● WHAT NEEDS TO BE DONE
No pictures, please. Copy exactly the lines from the one with "TOYOTA Yaris 1.3 5 porte Active - 17" through the final line below.

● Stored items
● ● ● ●

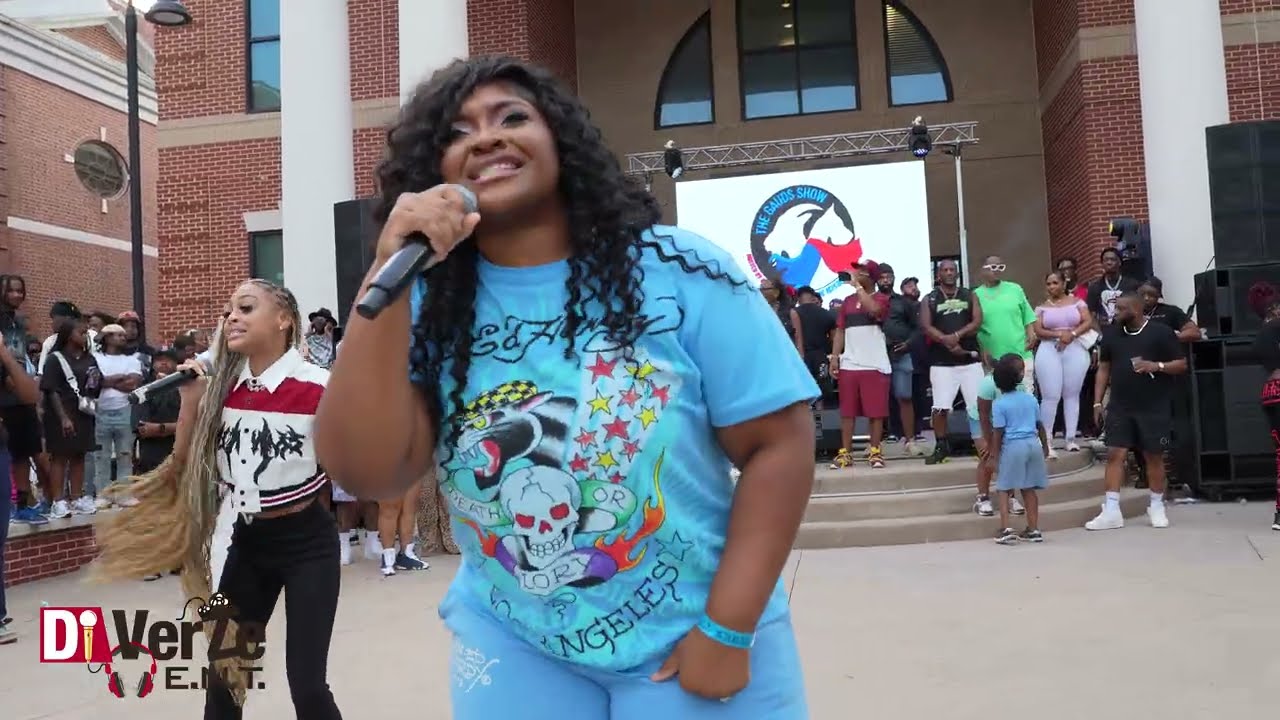 TOOTIE PERFORMS I LIKE #money  AT SOUTH SIDE DAY | (ATLANTA, GA) #yungjoc  OPENS UP FOR HER!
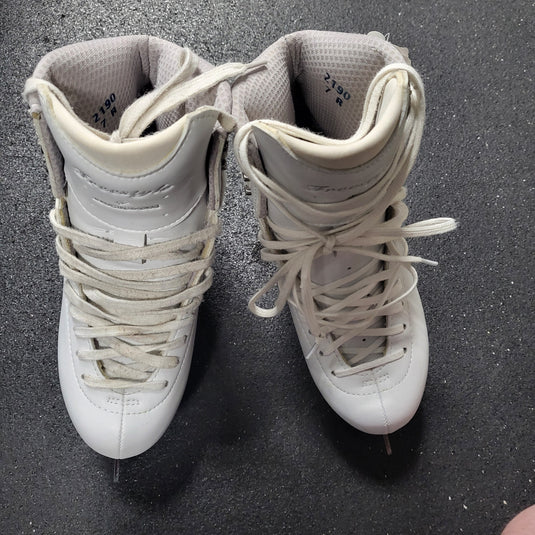 *Lightly Used* Jackson Freestyle Figure Skates FS2190
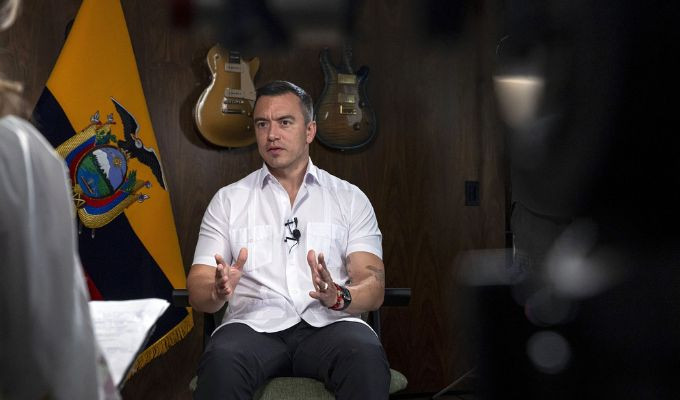 Noboa mueve ficha con nuevo canal para alertas de corrupción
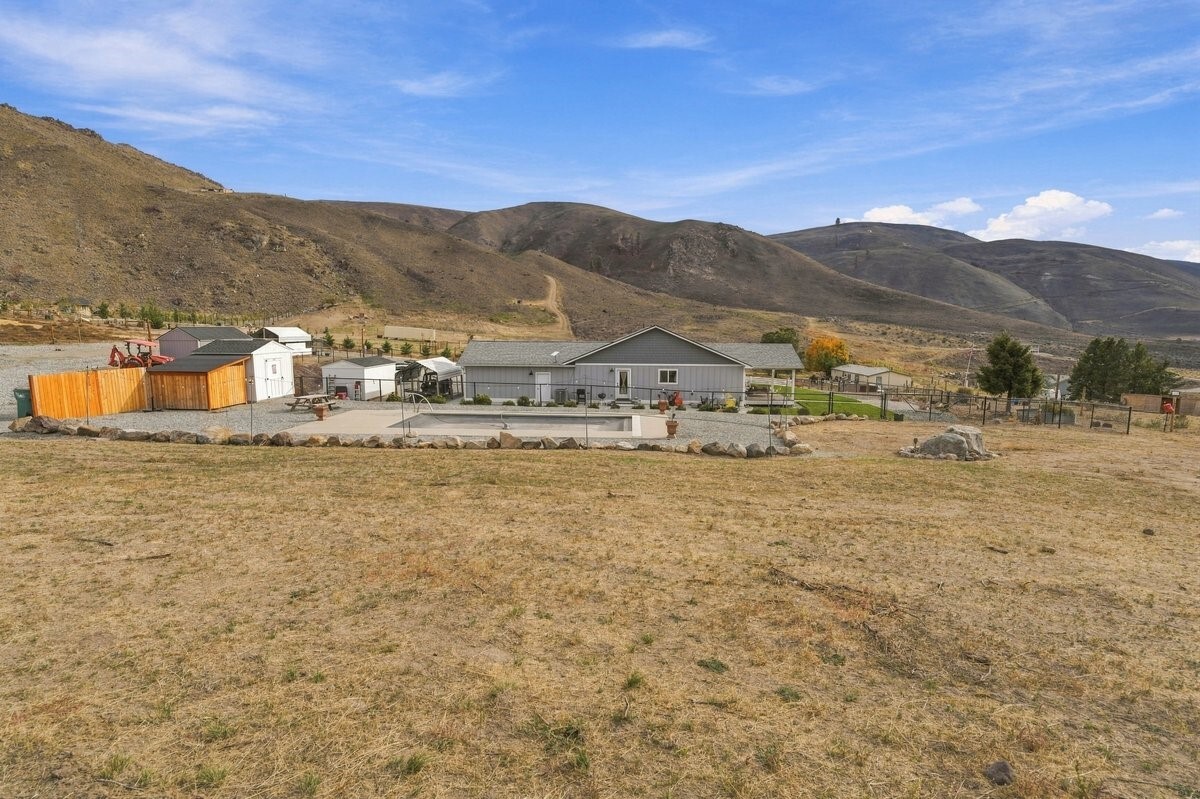 9 Buyas Drive Property Photo 4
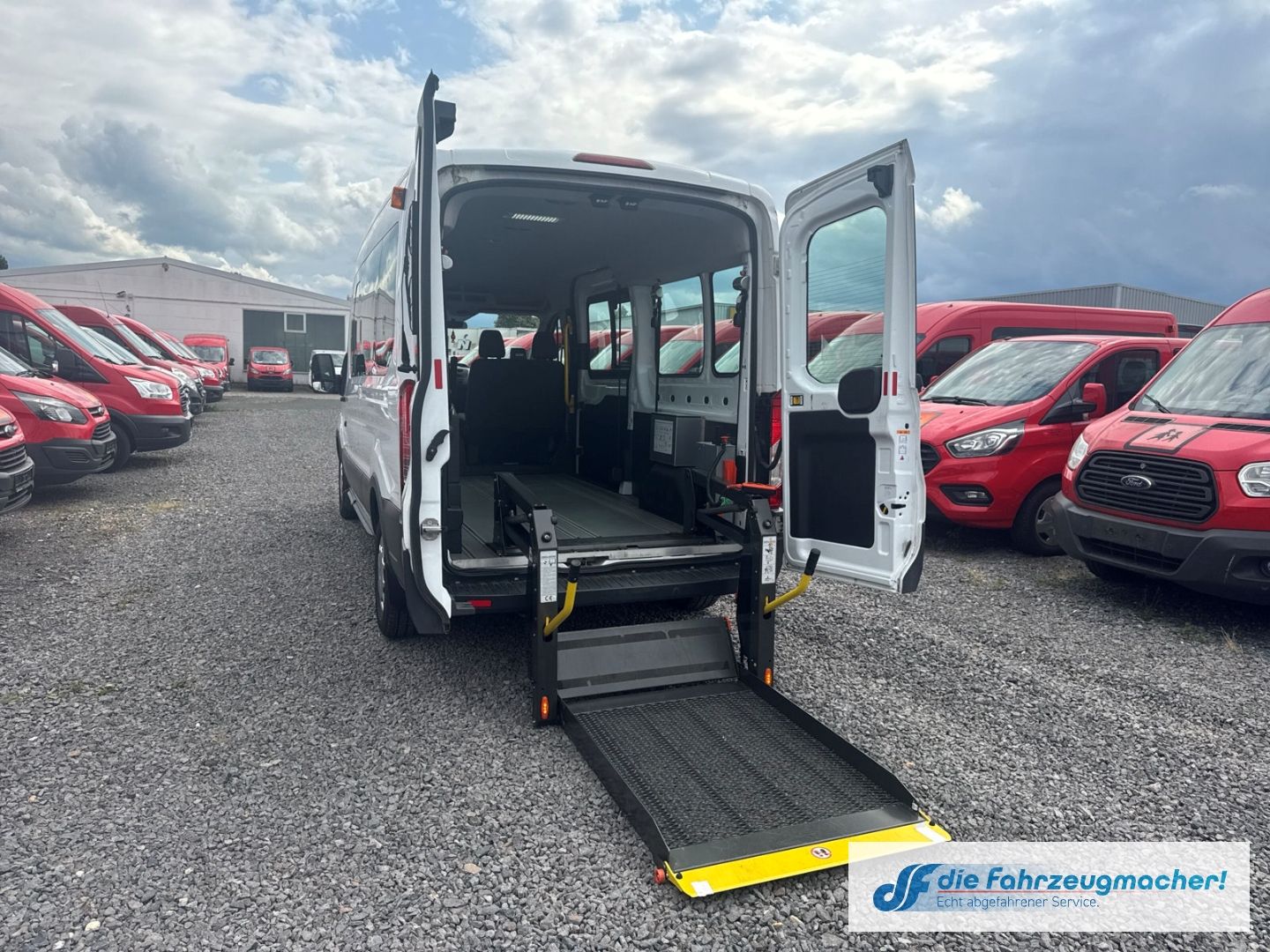 Fahrzeugabbildung Ford Transit Kombi 350 L3 Trend 2.2 TDCi DPF *1572 *K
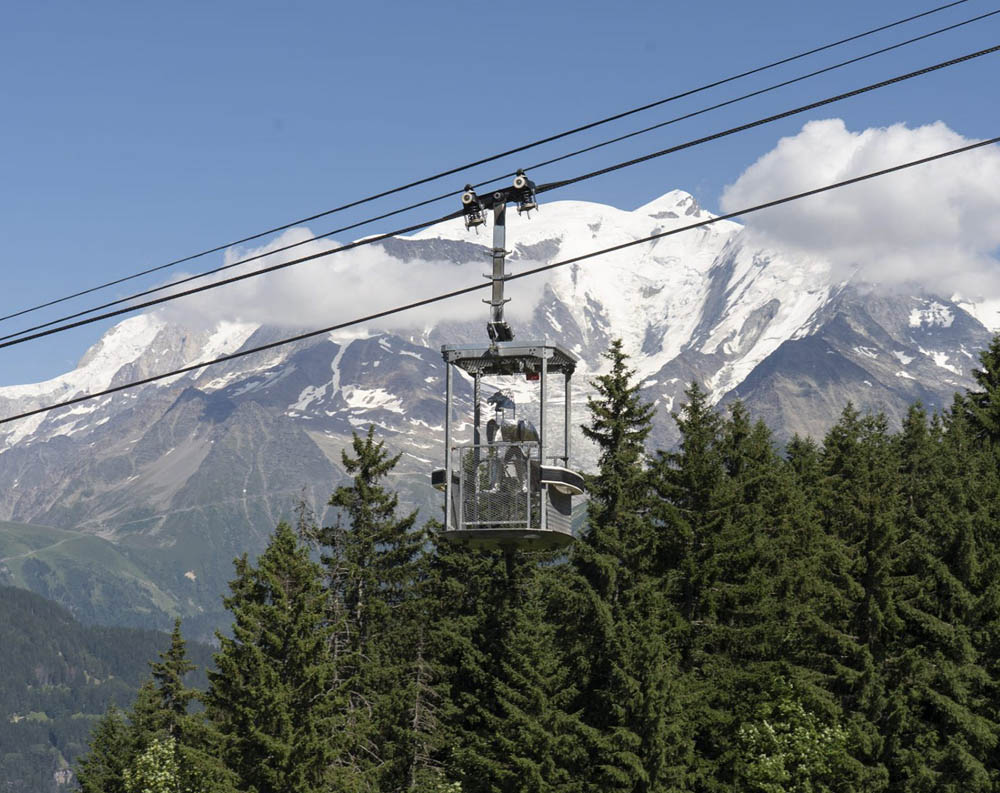 AUGMENTED BODIES — Groupshow @Artocène, Contemporary art biennial, Saint-Gervais Mont-Blanc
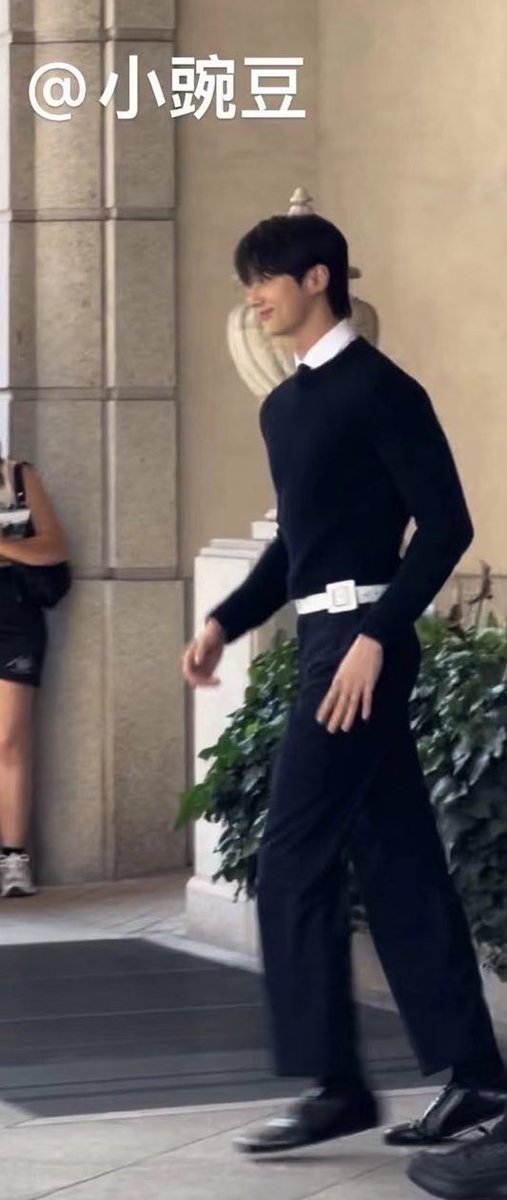 인간 프라다 변우석 온다...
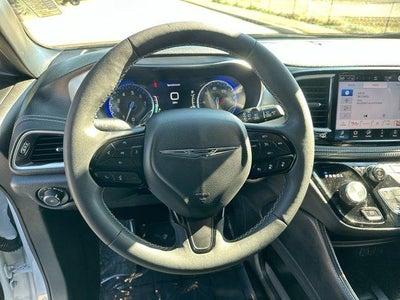 2025 Chrysler Pacifica Limited FWD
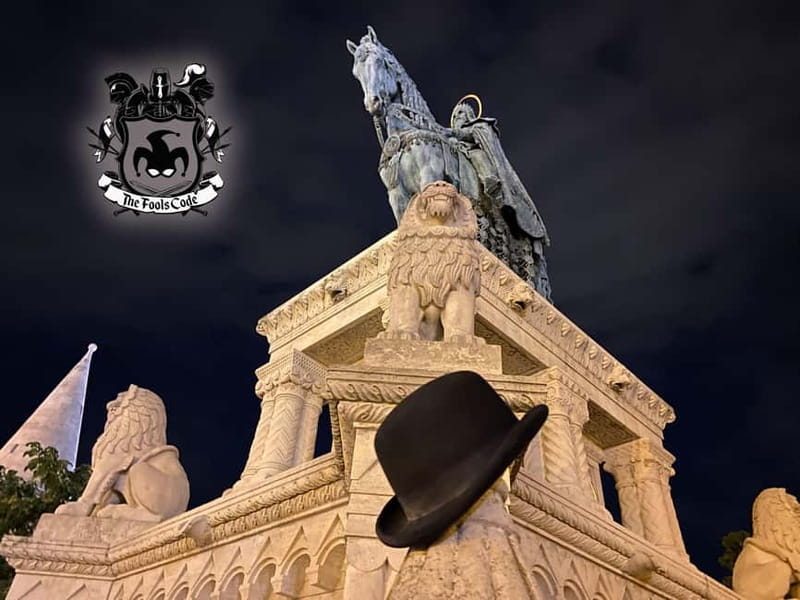 FoolsCode: EscapeRoom/Sightseeing tour with Actor Tourguide - The Actor Guide Experience: Costumes, Clues, and Real Energy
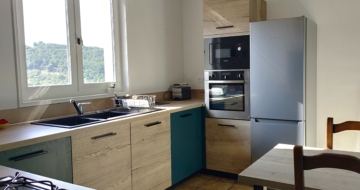 cuisine-moderne-chaleureuse-bois-bleue-montbrison
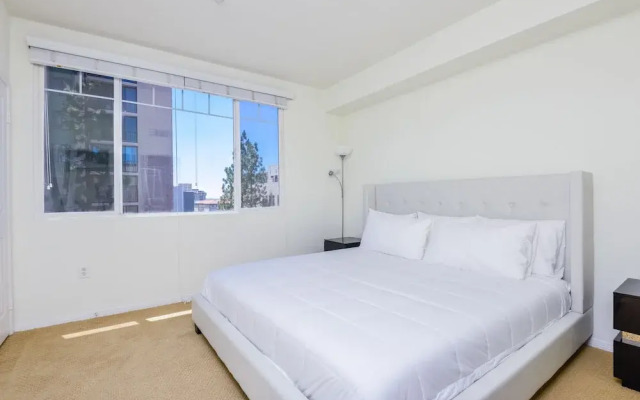 Pelicanstay in Downtown San Diego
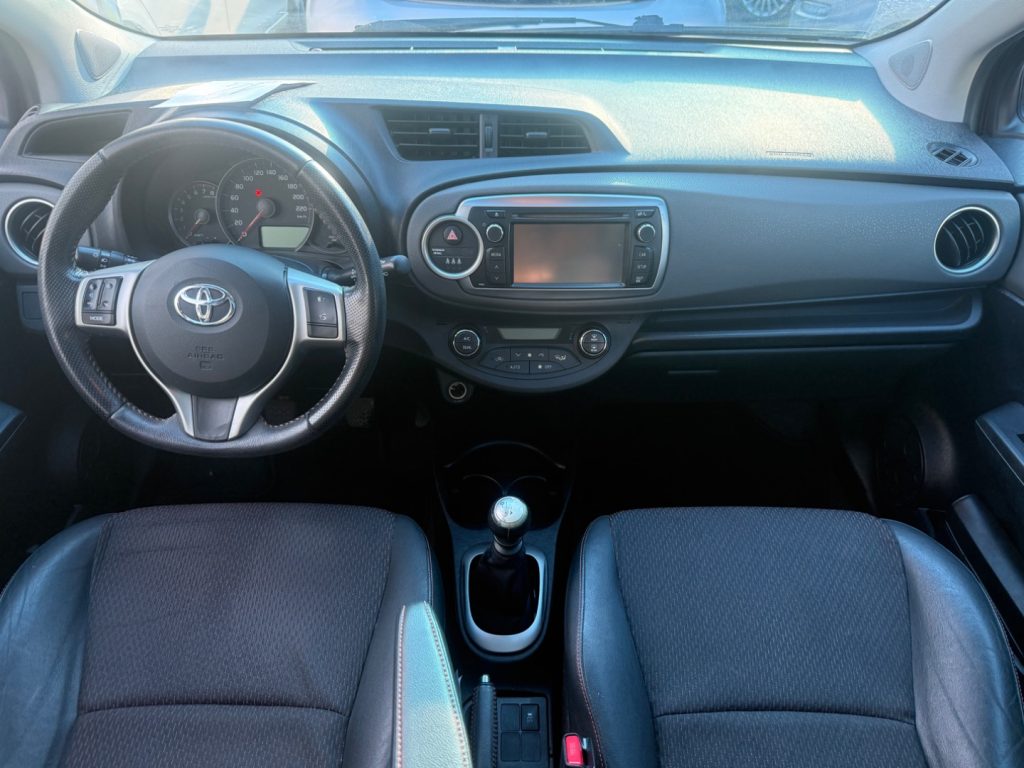 TOYOTA Yaris 1.3 5 porte Active - 17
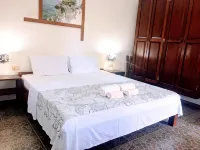 Meili Beach Resort - piscina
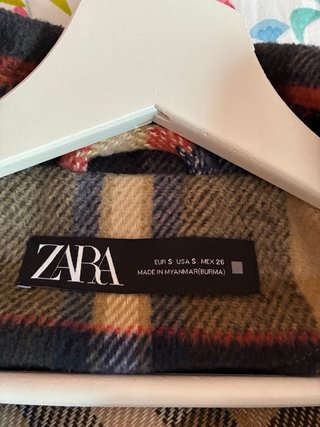 Abrigo Zara cuadros leñador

● ● ● ●

● RESULT FOR THIS TASK
 TOYOTA Yaris 1.3 5 porte Active - 17
 Meili Beach Resort - piscina
 Abrigo Zara cuadros leñador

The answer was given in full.